*What the task requires:* Would you set down the data that follows, word for word, without any pictures?

*Source data:*
^^^^^^^^^^^^^^^^

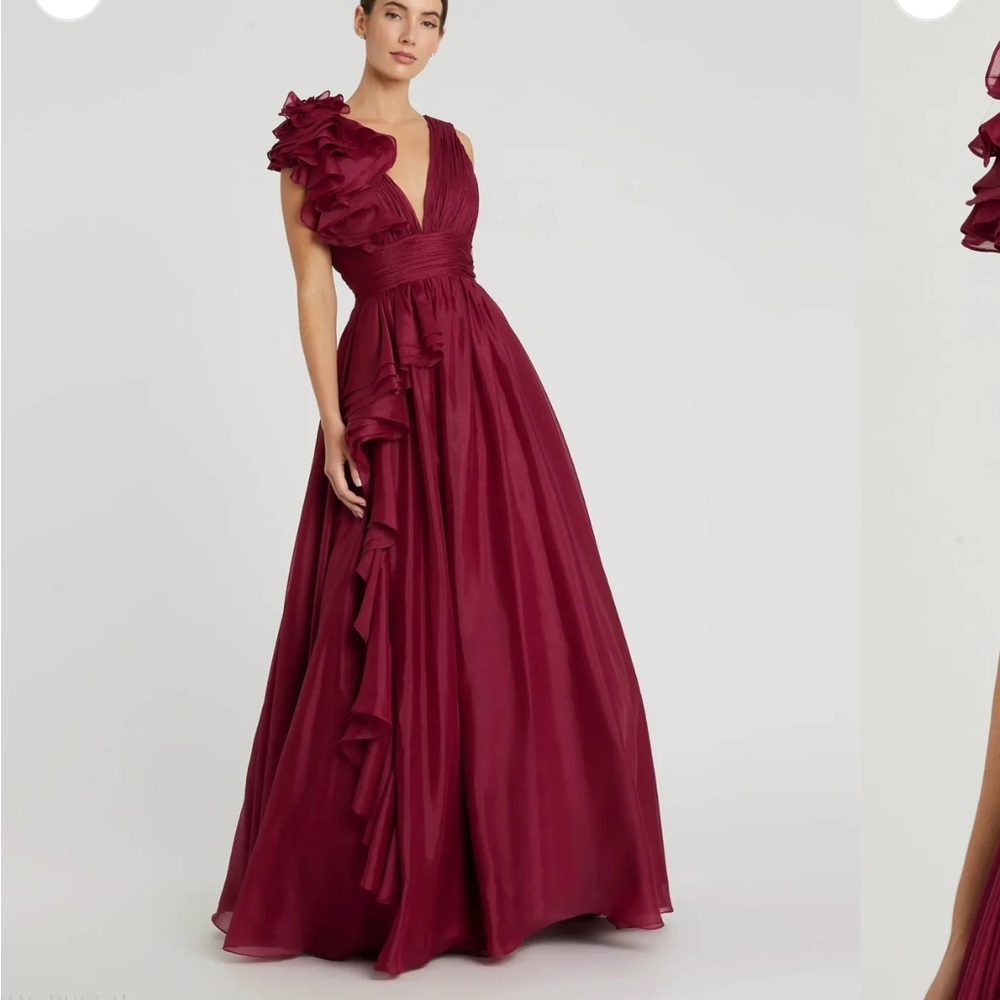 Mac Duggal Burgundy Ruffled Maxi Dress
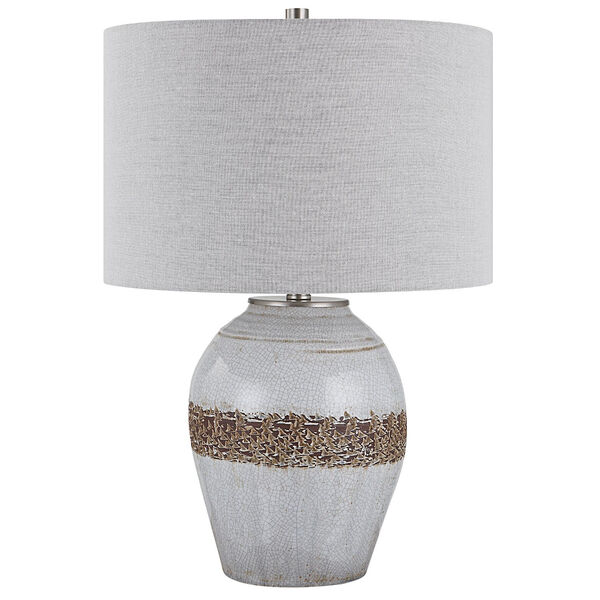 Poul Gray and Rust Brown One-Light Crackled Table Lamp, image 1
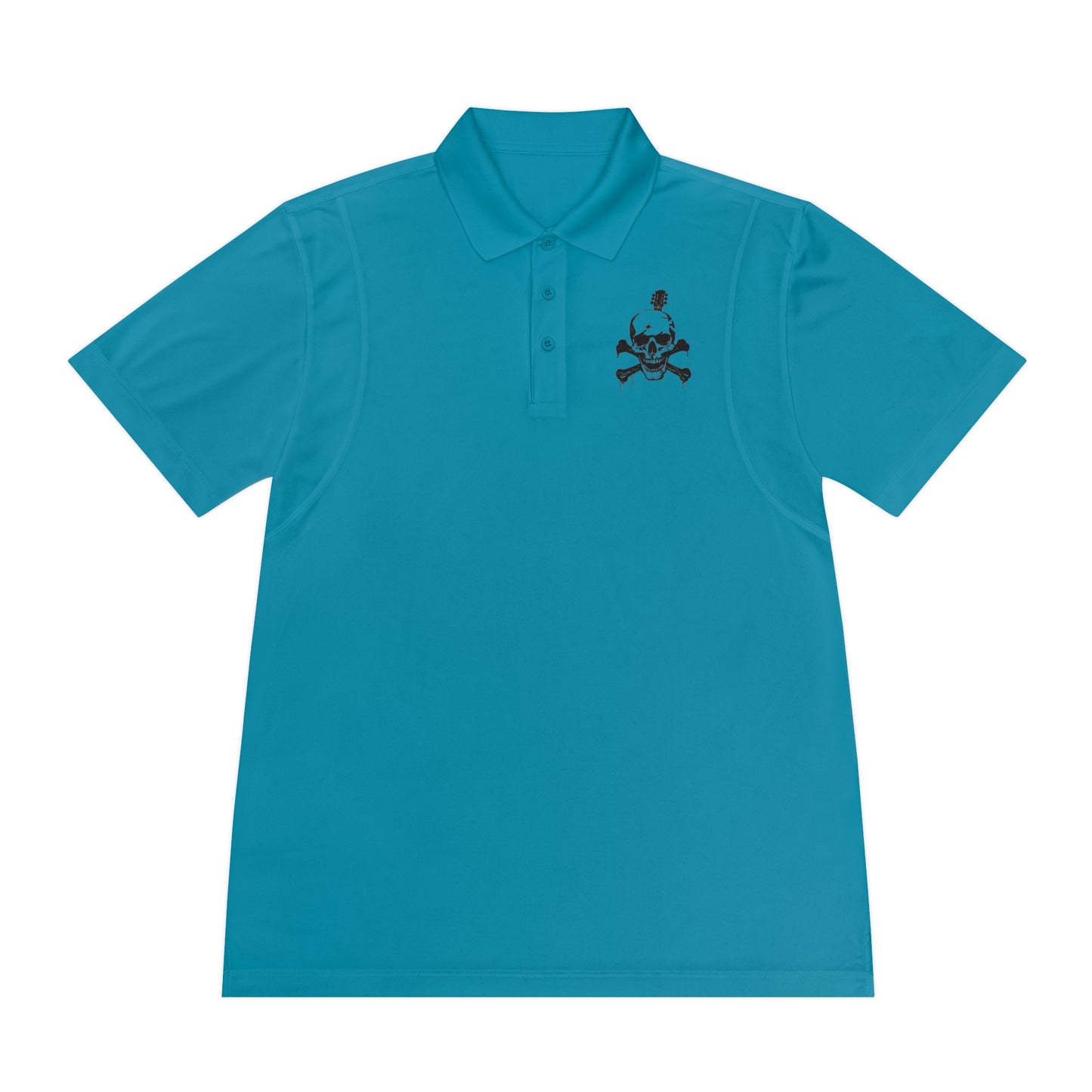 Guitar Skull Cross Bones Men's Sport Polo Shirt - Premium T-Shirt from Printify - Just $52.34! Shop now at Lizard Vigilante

^^^^^^^^^^^^^^^^

*Result for this task:*
 Mac Duggal Burgundy Ruffled Maxi Dress
 Poul Gray and Rust Brown One-Light Crackled Table Lamp, image 1
 Guitar Skull Cross Bones Men's Sport Polo Shirt - Premium T-Shirt from Printify - Just $52.34! Shop now at Lizard Vigilante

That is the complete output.